## Supplied records
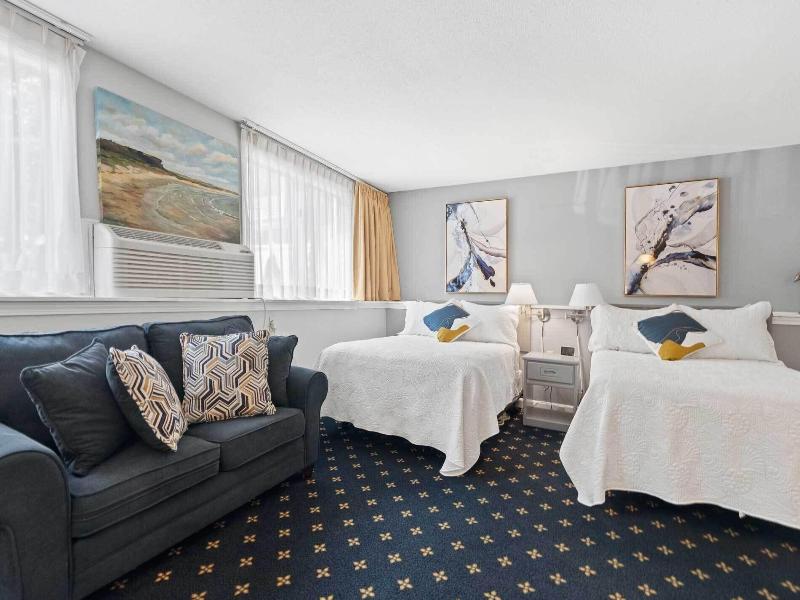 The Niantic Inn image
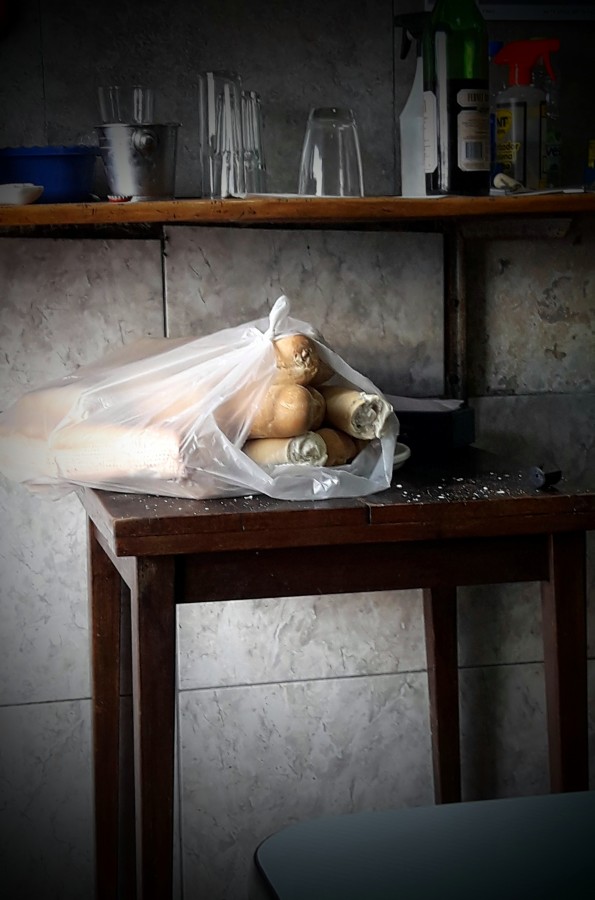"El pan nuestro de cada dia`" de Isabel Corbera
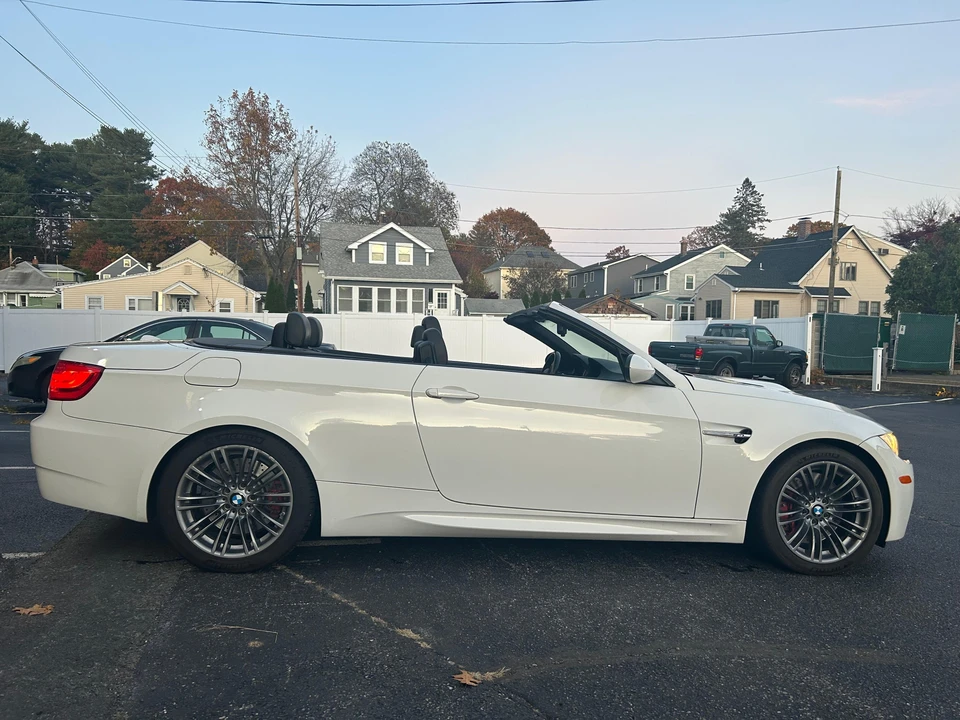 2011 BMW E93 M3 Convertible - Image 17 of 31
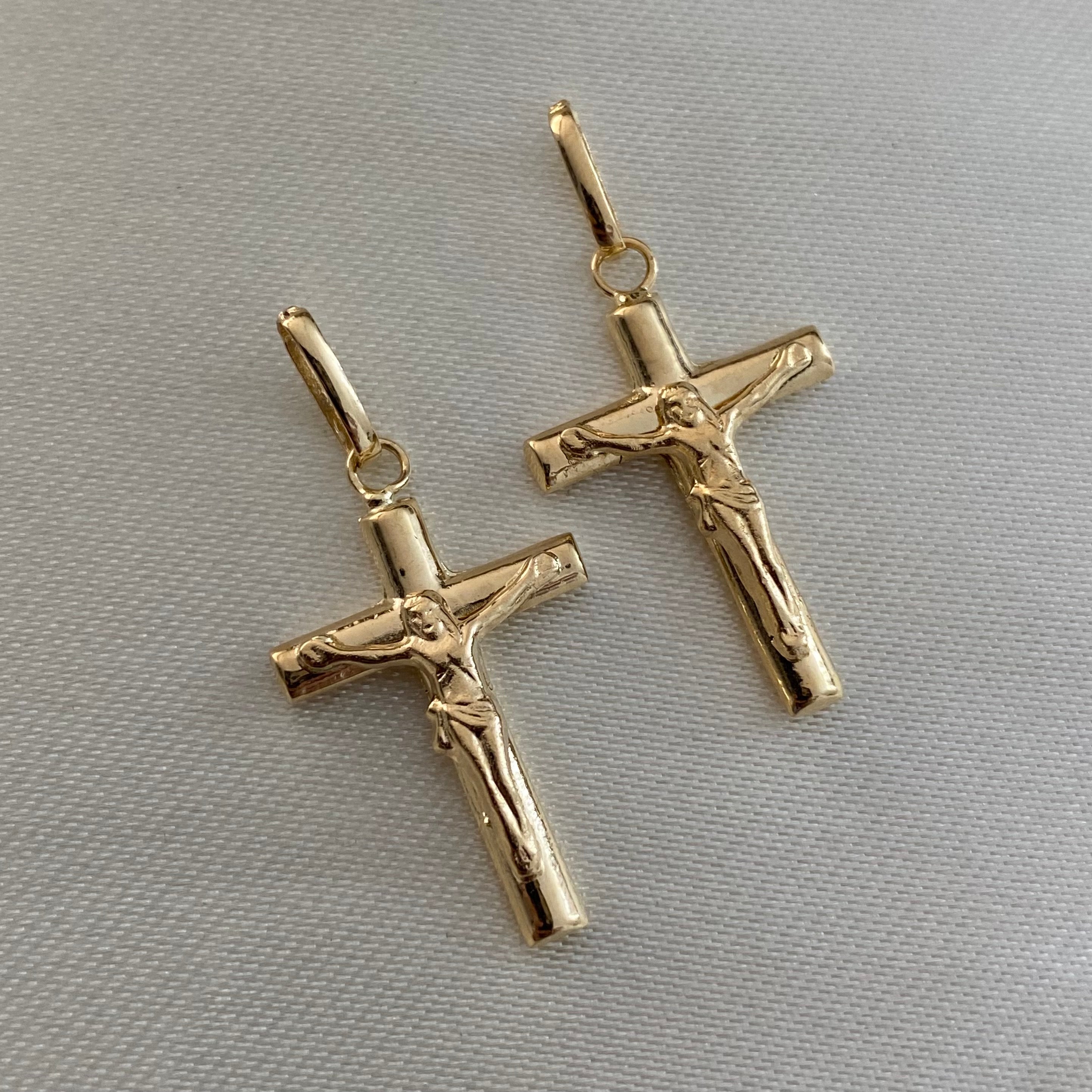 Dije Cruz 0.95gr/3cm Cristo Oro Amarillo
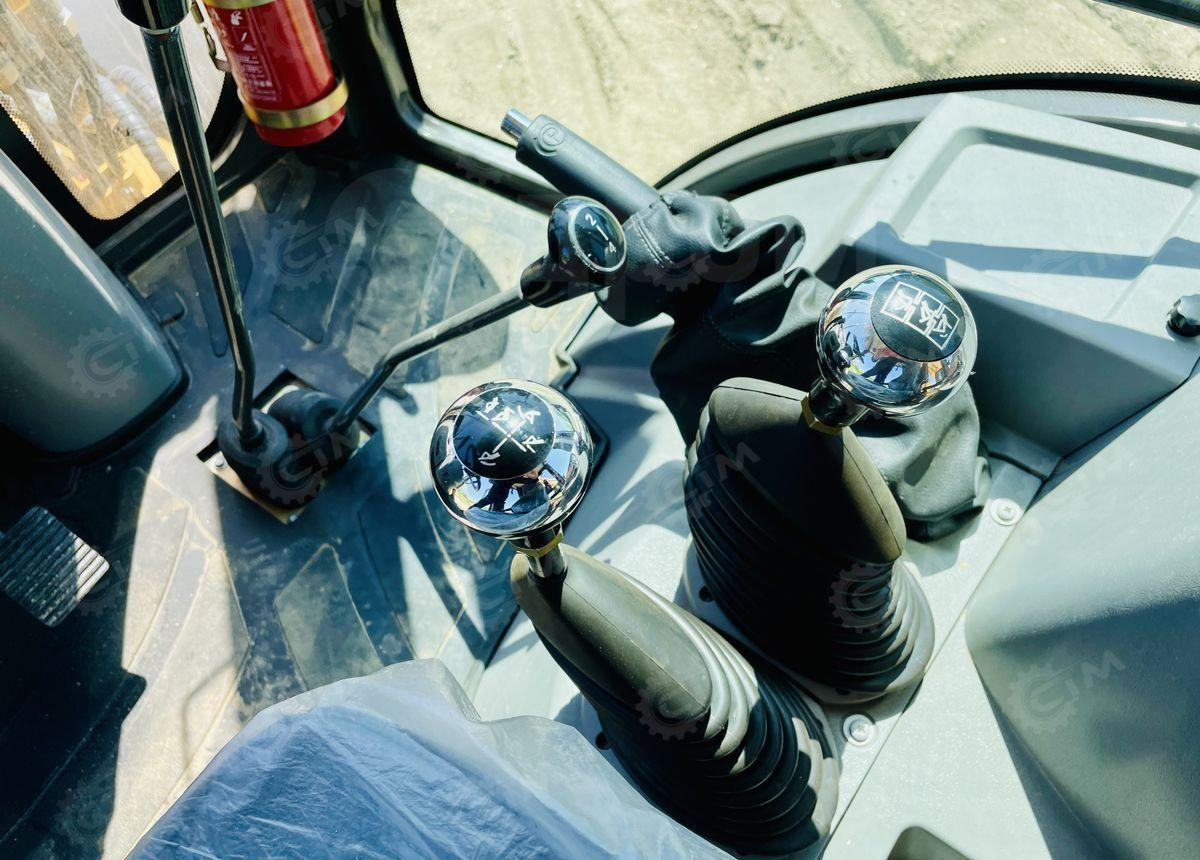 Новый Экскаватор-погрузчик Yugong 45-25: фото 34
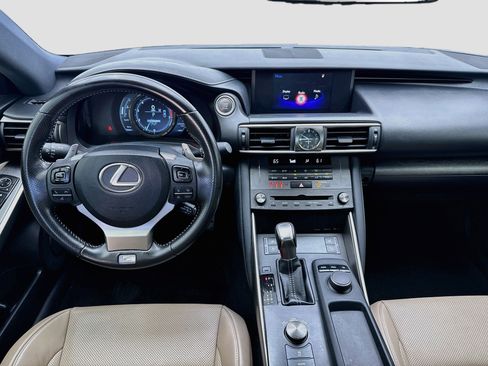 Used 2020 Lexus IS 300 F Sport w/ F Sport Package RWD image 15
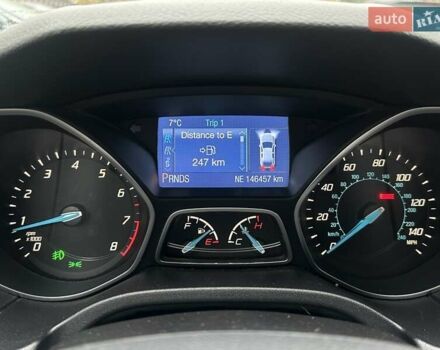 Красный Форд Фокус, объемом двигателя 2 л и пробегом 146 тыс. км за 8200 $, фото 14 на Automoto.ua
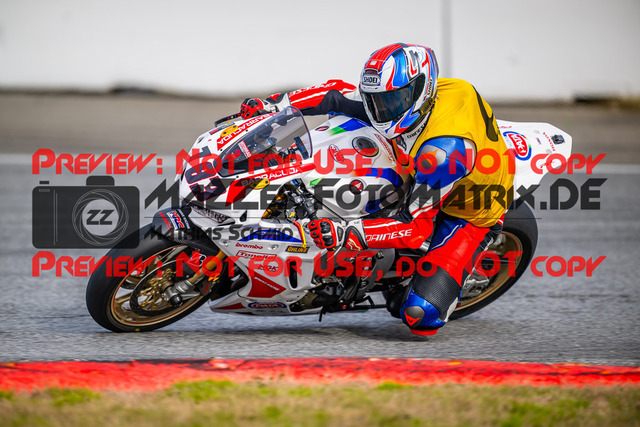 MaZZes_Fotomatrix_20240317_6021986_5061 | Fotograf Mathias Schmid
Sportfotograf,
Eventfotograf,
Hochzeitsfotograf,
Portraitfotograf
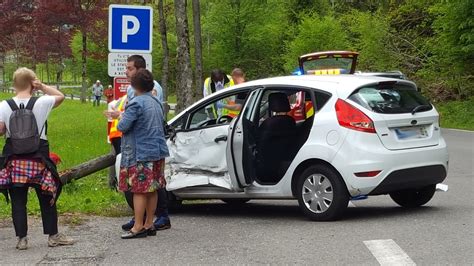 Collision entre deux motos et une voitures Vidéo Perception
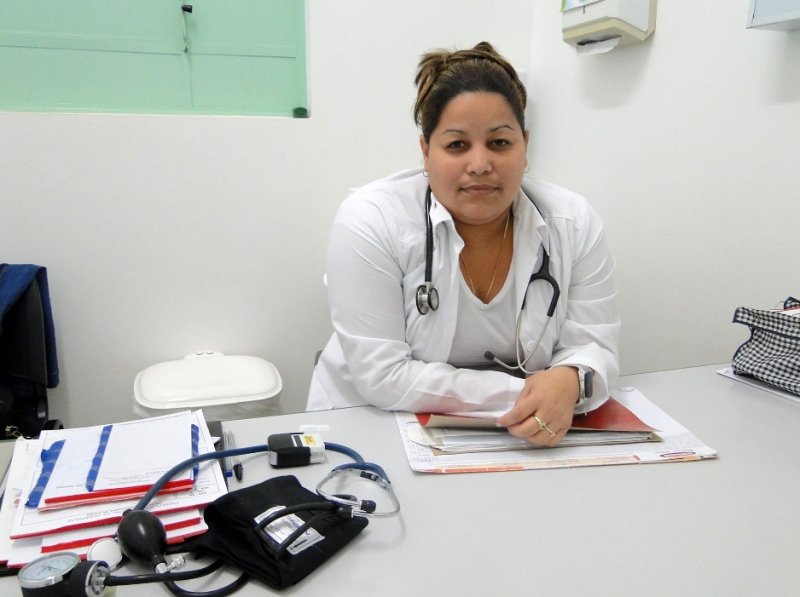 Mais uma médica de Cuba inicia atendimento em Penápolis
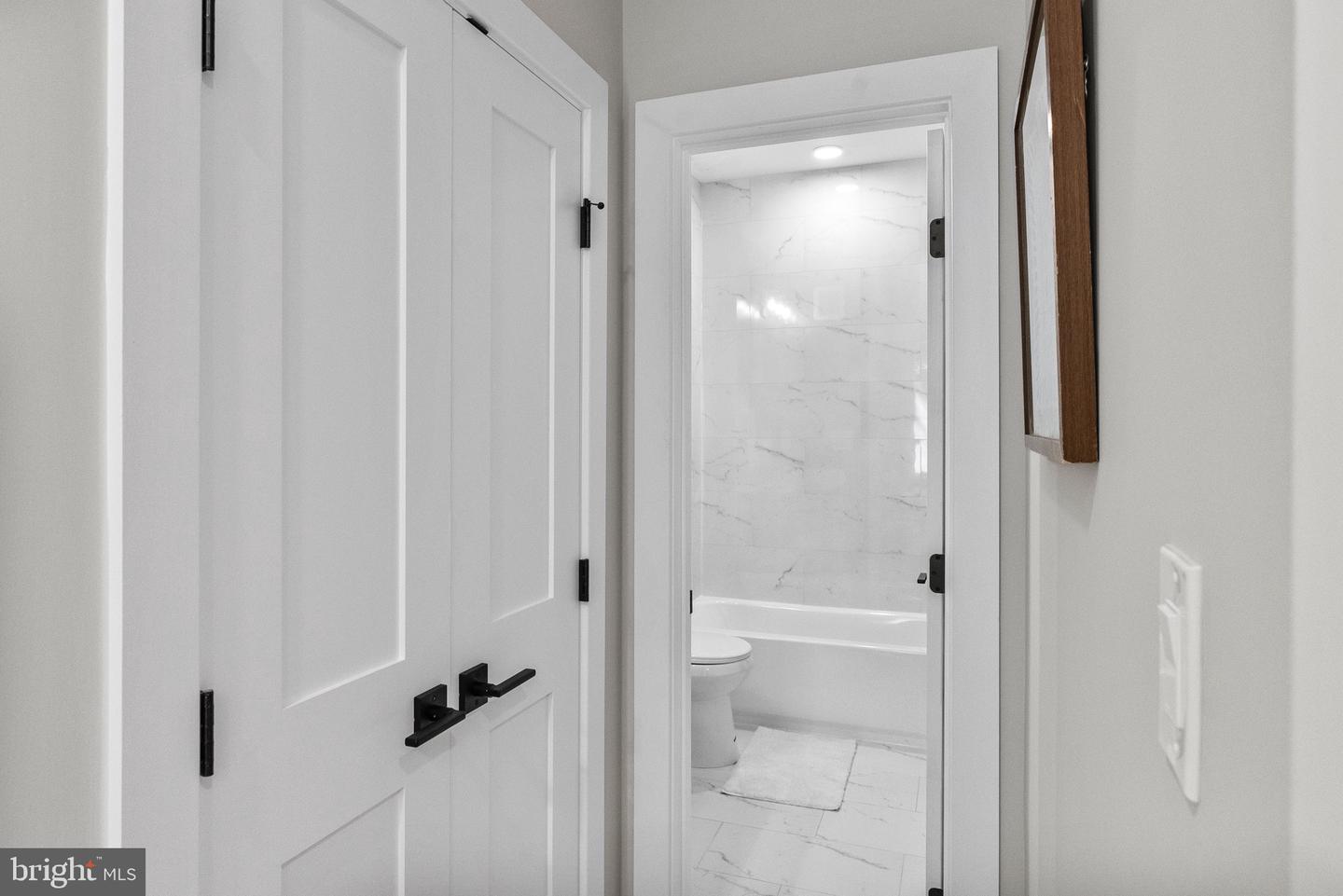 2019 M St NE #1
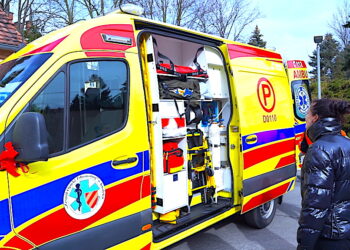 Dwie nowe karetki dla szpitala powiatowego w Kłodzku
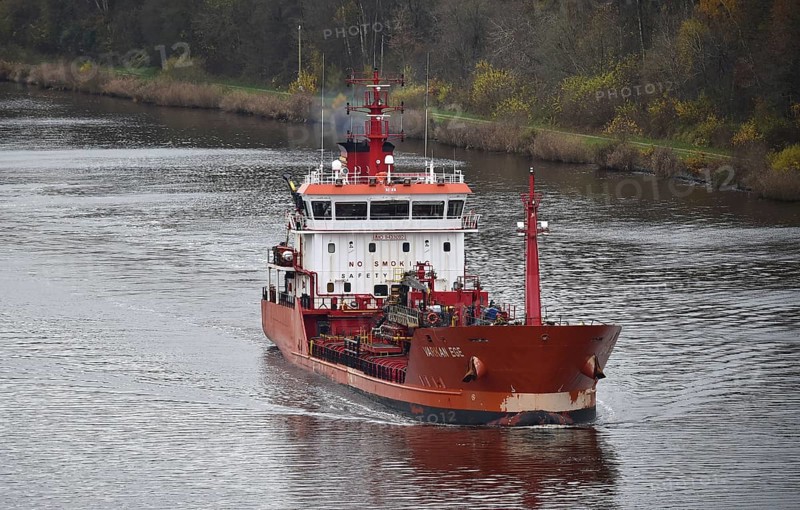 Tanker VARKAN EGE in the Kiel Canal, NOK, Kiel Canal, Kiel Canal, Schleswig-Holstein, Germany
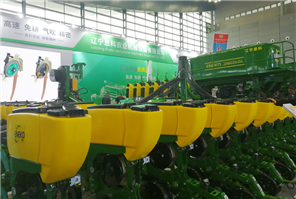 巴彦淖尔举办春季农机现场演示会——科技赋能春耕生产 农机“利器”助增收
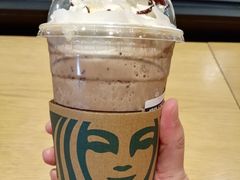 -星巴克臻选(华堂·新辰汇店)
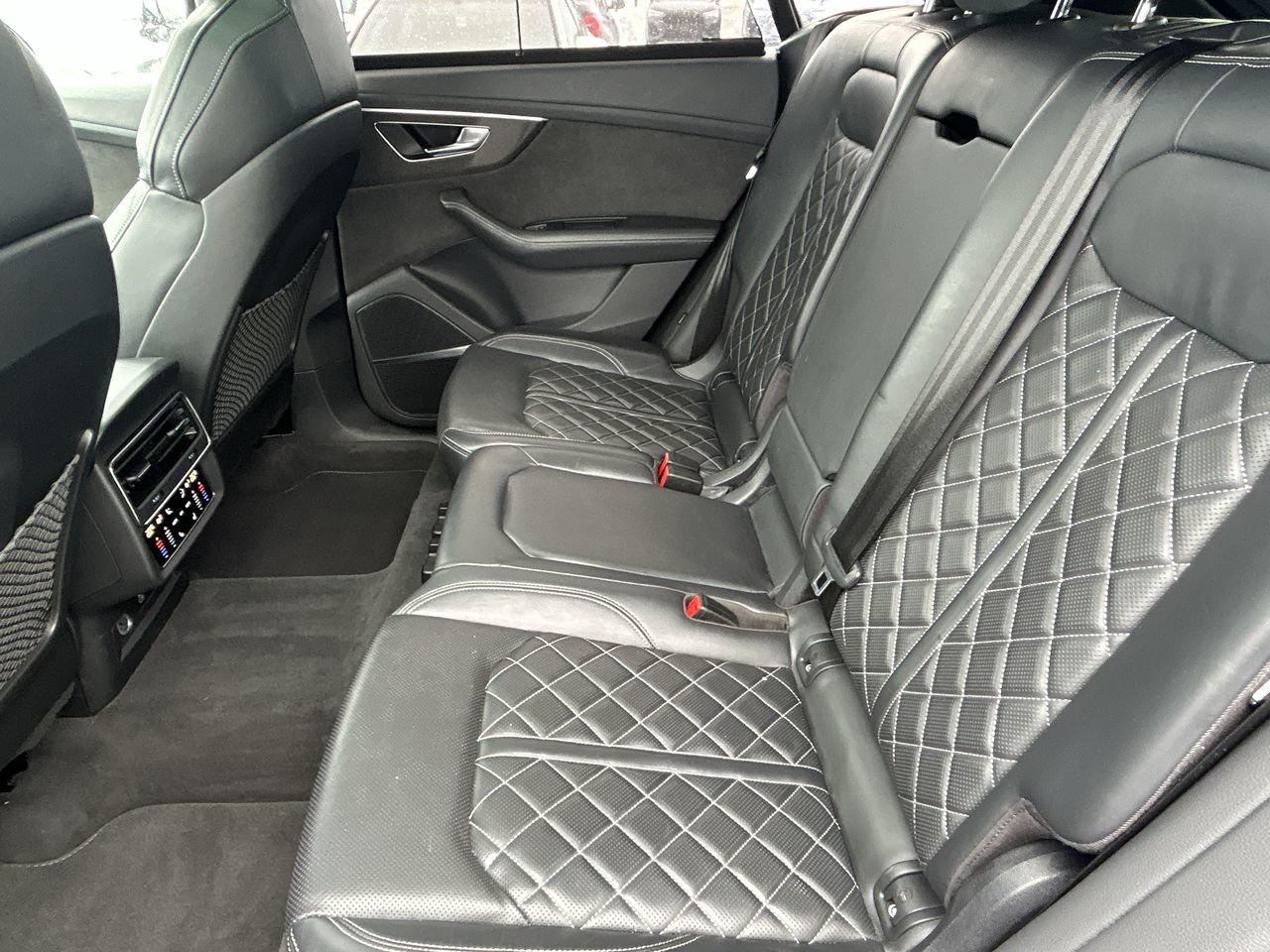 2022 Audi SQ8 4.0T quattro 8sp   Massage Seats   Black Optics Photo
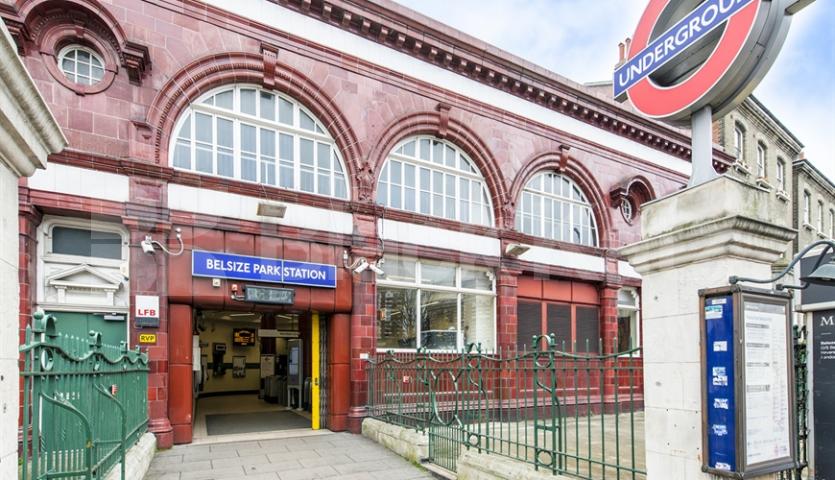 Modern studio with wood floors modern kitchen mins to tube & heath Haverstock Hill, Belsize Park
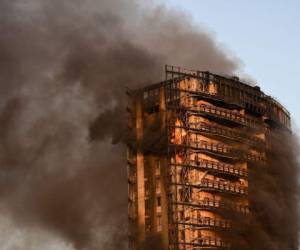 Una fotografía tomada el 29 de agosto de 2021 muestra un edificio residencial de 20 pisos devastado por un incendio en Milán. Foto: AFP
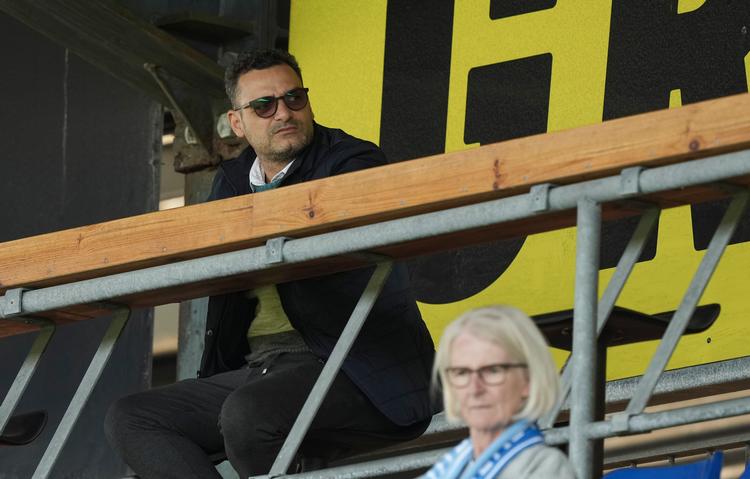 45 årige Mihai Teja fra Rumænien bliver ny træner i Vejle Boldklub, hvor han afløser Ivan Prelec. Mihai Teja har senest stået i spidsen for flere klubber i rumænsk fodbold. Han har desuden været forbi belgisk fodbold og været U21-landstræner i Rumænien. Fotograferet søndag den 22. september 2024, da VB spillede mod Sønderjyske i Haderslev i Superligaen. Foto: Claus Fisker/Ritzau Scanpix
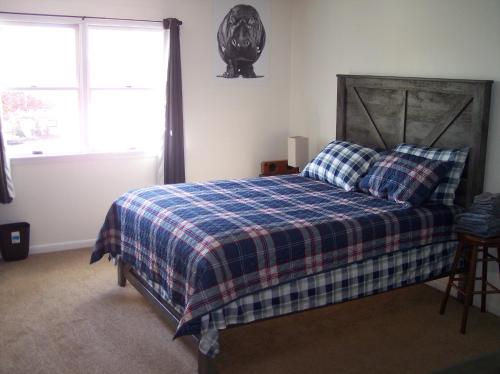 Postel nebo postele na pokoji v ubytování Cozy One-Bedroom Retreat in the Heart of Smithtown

## Exercise
From the line with "-星巴克臻选(华堂·新辰汇店)" up to and including the line with "Una fotografía tomada" above, retype every line exactly and nothing more; leave out the pictures.

## Task result
 -星巴克臻选(华堂·新辰汇店)
 2022 Audi SQ8 4.0T quattro 8sp   Massage Seats   Black Optics Photo
 Modern studio with wood floors modern kitchen mins to tube & heath Haverstock Hill, Belsize Park
 Una fotografía tomada el 29 de agosto de 2021 muestra un edificio residencial de 20 pisos devastado por un incendio en Milán. Foto: AFP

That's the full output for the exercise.